- [WHAT NEEDS TO BE DONE] Output exactly the lines between the one holding "Table Amanda violet, indoor" and the last line of the data below, both of those lines included.

- [AVAILABLE DATA]
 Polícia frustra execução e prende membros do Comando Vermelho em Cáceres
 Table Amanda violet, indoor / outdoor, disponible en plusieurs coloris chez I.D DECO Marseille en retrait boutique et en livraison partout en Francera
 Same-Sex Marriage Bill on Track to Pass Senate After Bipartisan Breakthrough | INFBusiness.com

- [ANSWER TO THIS TASK]
 Table Amanda violet, indoor / outdoor, disponible en plusieurs coloris chez I.D DECO Marseille en retrait boutique et en livraison partout en Francera
 Same-Sex Marriage Bill on Track to Pass Senate After Bipartisan Breakthrough | INFBusiness.com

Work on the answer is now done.